Kay, however, is defeated by a mysterious knight, and Gawain is sent instead. Despite warnings from a local cowherd, Gawain enters the castle of the Black Knight, where he is attacked. He defeats the Black Knight, who begs for his life, and Gawain spares him on the condition he becomes his vassal.

While riding, they come across a hunting party from the court of Gautdestroit. They allow the hunting party to hunt and kill a white stag, and Gawain accompanies them to meet her. Alerted by a servant girl (called Marot), Gawain introduces himself to the court as Kay.

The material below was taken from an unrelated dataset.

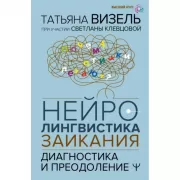 Нейролингвистика заикания. Диагностика и преодоление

Gautdestroit reveals that she plans to capture and kill Gawain, who spurned her after winning a tournament. Furthermore, she has his brother, Gahariet, in prison.

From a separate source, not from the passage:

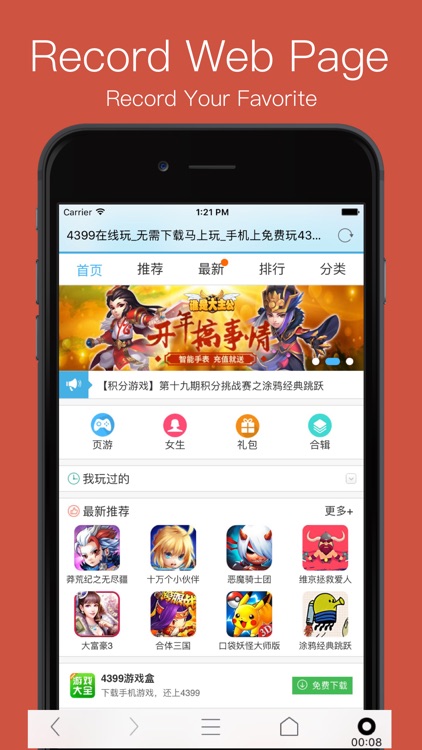 RBrowserPro - recorder browser screenshot-0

Gawain escapes with Gahariet, returning to the nearby castle of the Black Knight, where they are besieged by Gautdestroit. Overwhelmed, Gawain and Gahariet leave to go and get help. They go to the court of King Arthur.

Gawain finds the boat the knight traveled on and enters. It takes him to Scotland where he meets a woman dressed with all her clothes inside out or back-to-front. She says she's promised to wear her clothes like this until she meets Gawain, the knight destined to avenge her husband, Raguidel. She reveals her husband's killer is called Guingasouin, and his weapons are enchanted, so that only the broken lance from her husband's body (which Gawain has kept) can kill him.

Gawain finds and attacks Guingasouin, who is impervious to his weapons. Gawain uses the broken lance to pierce his hauberk, and he flees. Guingasouin demands a fresh battle with fresh weapons in front of his barons. Gawain defeats Guingasouin, and when he refuses to ask for mercy, Gawain kills him.

The Hippeau 1862 edition has a plot summary (in French) in the introduction (pages III to X) and Gaston Paris gives a plot summary (also in French) in his 1888 essay Romans en vers du cycle de la Table ronde (pages 49–50).

== Authorship ==

Gaston Paris addresses the issue, citing several contemporaries (Mussafia, Michelant, Meyer, etc.) in his 1888 essay Romans en vers du cycle de la Table ronde, citing both arguments for and against the Raol mentioned being Raoul de Houdenc. Archives de littérature du moyen âge lists the work under Raoul de Houdenc, and the Dictionnaire Étymologique de l'Ancien Français also attributes the poem to him. Mathias Friedwagner published it as part of his series Raoul von Houdenc : sämtliche Werke (sämtliche Werke means complete works).

== Manuscripts ==
- Chantilly, Bibliothèque et Archives du Château, 472 (formerly 626), f. 154r-173v
  - The sole source for Hippeau's 1862 edition. In 1888, Gaston Paris said that La Vengeance Raguidel has only been conserved in a single manuscript.
- Nottingham University Library, WLC/LM/6, f. 304r-335v. The final 90 lines, present in the Chantilly manuscript, are missing.
- Paris, Bibliothèque nationale de France, français, 2187, f. 155v. Fragment.
- Paris, Bibliothèque nationale de France, nouvelles acquisitions françaises, 1263, f. 1. Fragment.

== Editions ==
- Célestin Hippeau, Messire Gauvain ou la Vengeance de Raguidel, poème de la Table ronde par le trouvère Raoul. Published by Aubry, 1862.
- Mathias Friedwagner, Raoul von Houdenc, Sämtliche Werke nach allen bekannten Handschriften, Zweiter Band: La Vengeance Raguidel, altfranzösischer Abenteuerroman. Published by Niemeyer, 1909.